Starbucks’ climate dilemma: the world loves lattes

Starbucks generates roughly 5 million tonnes of CO2 equivalent annually from its global supply chain – and none of that slope has shifted where it matters most: dairy farm methane. Since 2019, the company's scope 3 emissions from dairy sourcing have remained flat. That's the crux of the climate problem most large corporates won't name openly.
The chain's decarbonisation roadmap – scope 1 and 2 emissions cuts from stores and roasting facilities – looks credible on paper. But scope 3 is where the real tonnage sits, and dairy represents a non-trivial slice of that. Methane from cattle has a 20-year global warming potential 80 times higher than CO2. Starbucks' silence on this metric suggests either the company lacks leverage with suppliers, or hasn't prioritised it enough to move the needle.
This isn't a Starbucks-specific failure; it's structural. Most food and beverage companies face the same friction: supply chains are fragmented, supplier relationships are transactional, and methane reduction requires farmer-level investment that corporates historically won't fund directly. Voluntary commitments to suppliers – purchase incentives for regenerative practices, methane digesters, feed additives – move slower than board timelines allow.
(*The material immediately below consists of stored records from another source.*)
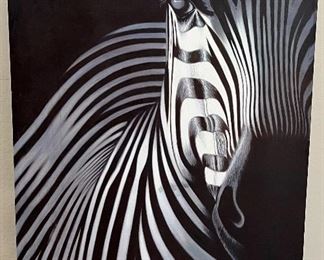 Large Zebra Canvas Black and White in all it's glory!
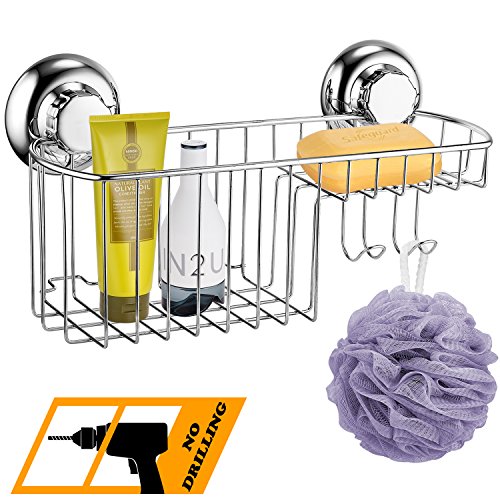 MaxHold Sistema de vacío Rectangular Cesta de la Ducha Caddie Multi-funcional - No-perforar - Acero inoxidable Nunca Moho - almacenamiento de la cocina&baño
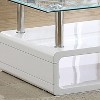 miBasics Taviota Contemporary Glass Top Coffee Table White/Chrome: Modern Rectangular with Storage Base, Metal & Wood Frame - 3 of 3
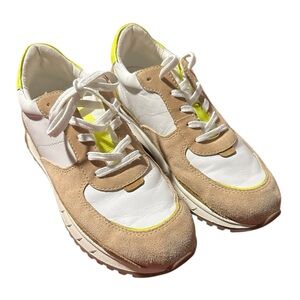 Madewell White and Tan Sneakers with Neon Accents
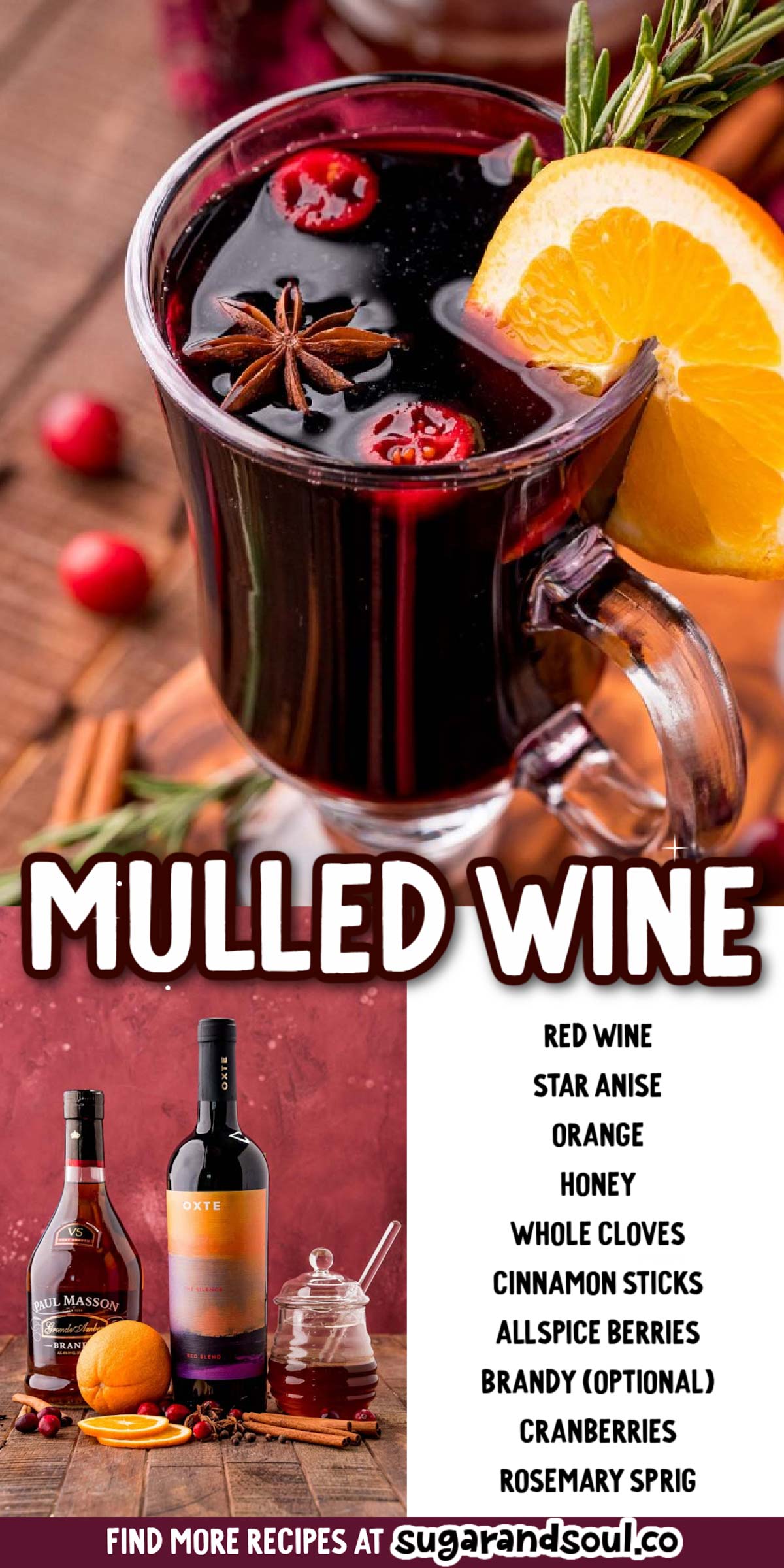 Mulled Wine is made with red wine, whole spices, honey, and brandy for a warm drink that's perfect to sip on throughout the winter season! Ready to enjoy in just 25 minutes! via @sugarandsoulco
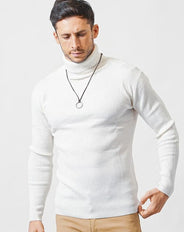 がっちり体型の方におすすめ二重臼リブ編みストレッチタートルネックニット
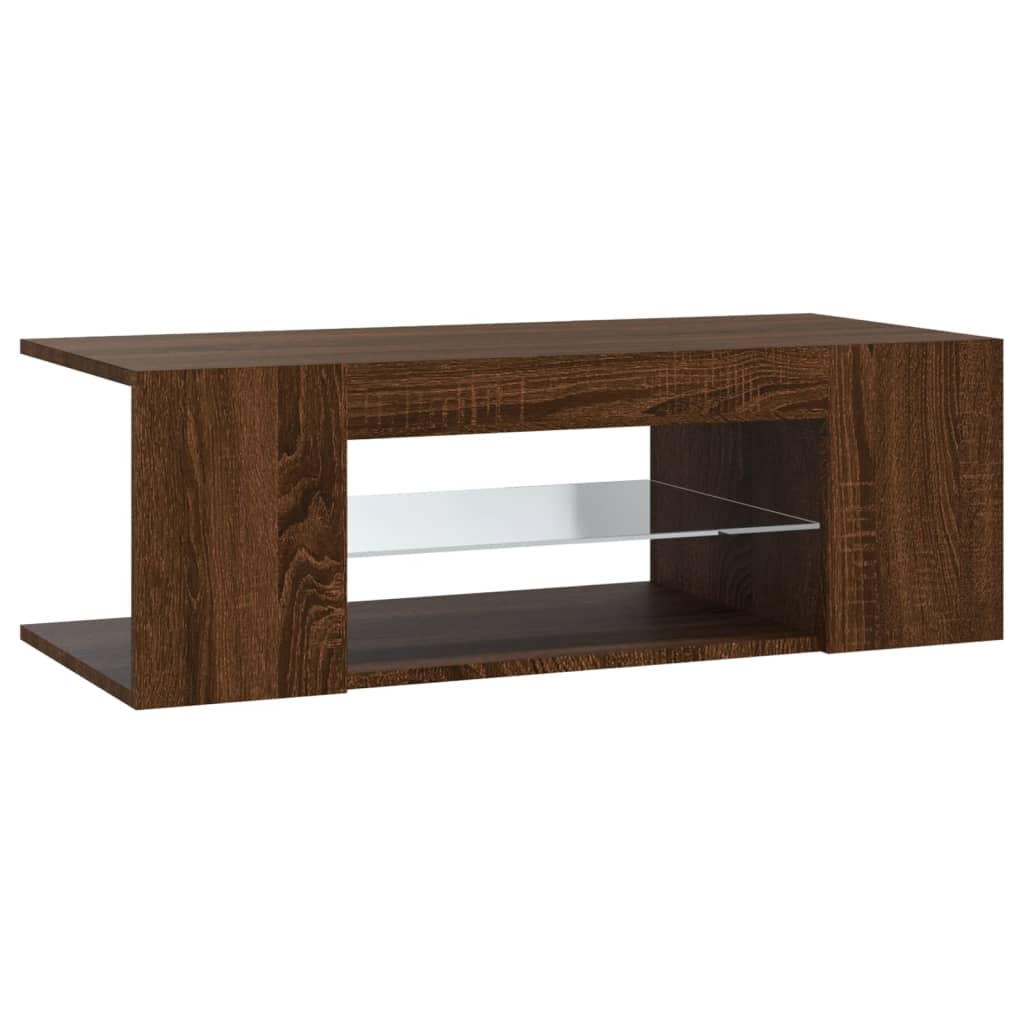 TV cabinet with LED lights color oak brown 90x39x30 cm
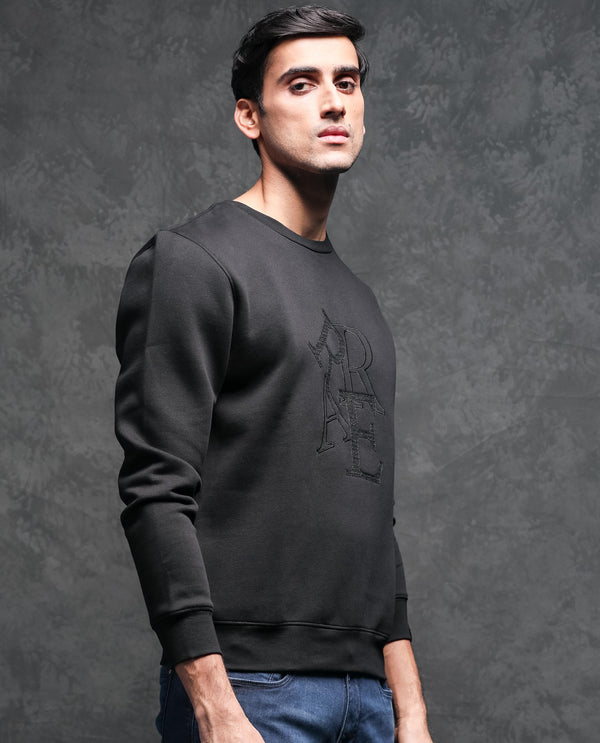 Rare Rabbit Mens Ingrid Black Cotton Polyester Fabric Crew Neck Full Sleeves Regular Fit Sweatshirt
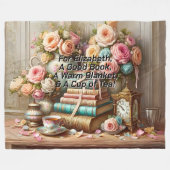 Name, Ein gutes Buch, Tasse Tee, Leser Fleecedecke (Vorderseite (Horizontal))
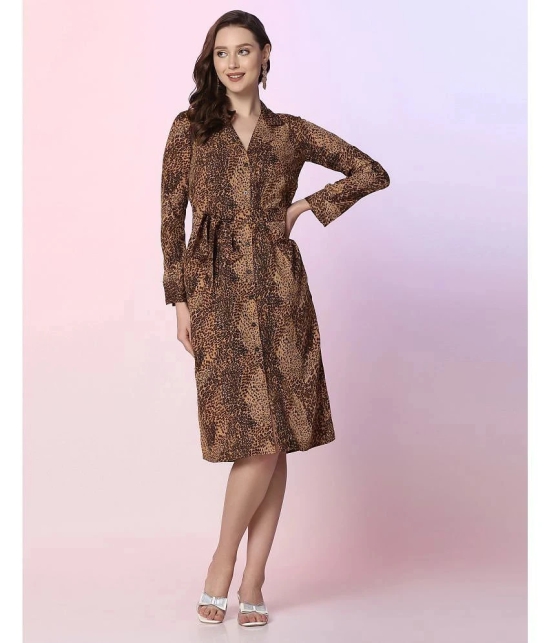 Selvia Crepe Printed Knee Length Womens Fit & Flare Dress - Brown ( Pack of 1 ) - None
The question isn't whether Starbucks can reduce dairy-linked emissions. The question is whether the company will treat scope 3 accountability the same way it treats store energy. That requires capital. It requires naming specific reduction targets by 2025 or 2030. It requires third-party verification. Right now, none of that's visible. Without it, net-zero 2030 claims sit in the same territory as greenwashing.